● **SOURCE DATA**
_ _ _ _ _

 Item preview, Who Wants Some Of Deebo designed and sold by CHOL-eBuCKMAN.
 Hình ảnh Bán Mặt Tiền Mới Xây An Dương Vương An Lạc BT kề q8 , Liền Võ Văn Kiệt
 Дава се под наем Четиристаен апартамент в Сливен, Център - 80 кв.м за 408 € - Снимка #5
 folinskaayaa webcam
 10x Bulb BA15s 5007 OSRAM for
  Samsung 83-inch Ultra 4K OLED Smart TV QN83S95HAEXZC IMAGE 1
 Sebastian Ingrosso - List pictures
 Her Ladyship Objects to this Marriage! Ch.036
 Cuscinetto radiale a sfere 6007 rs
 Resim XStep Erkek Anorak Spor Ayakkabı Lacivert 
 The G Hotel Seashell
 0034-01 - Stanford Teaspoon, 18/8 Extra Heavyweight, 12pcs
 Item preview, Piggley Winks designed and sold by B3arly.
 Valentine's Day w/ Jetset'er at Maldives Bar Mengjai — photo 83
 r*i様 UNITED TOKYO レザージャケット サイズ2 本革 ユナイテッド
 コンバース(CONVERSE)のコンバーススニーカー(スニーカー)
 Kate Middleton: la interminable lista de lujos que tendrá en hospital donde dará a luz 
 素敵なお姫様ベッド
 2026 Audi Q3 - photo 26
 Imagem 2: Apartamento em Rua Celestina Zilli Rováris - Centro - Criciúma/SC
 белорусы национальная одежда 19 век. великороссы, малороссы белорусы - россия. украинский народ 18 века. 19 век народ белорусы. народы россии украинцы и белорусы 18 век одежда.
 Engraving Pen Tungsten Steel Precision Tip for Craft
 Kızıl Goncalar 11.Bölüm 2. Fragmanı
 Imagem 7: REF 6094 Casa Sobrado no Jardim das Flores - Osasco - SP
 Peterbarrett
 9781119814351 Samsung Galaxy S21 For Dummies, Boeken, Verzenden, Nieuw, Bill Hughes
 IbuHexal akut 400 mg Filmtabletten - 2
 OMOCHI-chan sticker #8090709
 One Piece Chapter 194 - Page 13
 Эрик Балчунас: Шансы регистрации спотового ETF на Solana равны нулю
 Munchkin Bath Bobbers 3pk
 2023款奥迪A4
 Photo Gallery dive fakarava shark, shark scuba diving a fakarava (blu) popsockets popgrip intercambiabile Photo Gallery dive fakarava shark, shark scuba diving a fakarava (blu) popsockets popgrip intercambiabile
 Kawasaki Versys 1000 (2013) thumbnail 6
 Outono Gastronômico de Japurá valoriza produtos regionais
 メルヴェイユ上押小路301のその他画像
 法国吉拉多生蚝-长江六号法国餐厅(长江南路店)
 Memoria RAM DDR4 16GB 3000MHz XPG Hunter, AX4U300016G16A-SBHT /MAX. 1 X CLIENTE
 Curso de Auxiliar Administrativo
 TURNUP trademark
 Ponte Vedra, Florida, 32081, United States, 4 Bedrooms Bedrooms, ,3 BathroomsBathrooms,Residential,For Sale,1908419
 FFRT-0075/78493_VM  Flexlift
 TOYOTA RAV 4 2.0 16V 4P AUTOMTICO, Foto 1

_ _ _ _ _

● **WHAT YOU NEED TO DO**
Please reproduce, exactly as they appear above, the lines from the line containing "9781119814351 Samsung Galaxy" up to and including the line containing "Эрик Балчунас: Шансы".

● **RESPONSE TO THIS TASK**
 9781119814351 Samsung Galaxy S21 For Dummies, Boeken, Verzenden, Nieuw, Bill Hughes
 IbuHexal akut 400 mg Filmtabletten - 2
 OMOCHI-chan sticker #8090709
 One Piece Chapter 194 - Page 13
 Эрик Балчунас: Шансы регистрации спотового ETF на Solana равны нулю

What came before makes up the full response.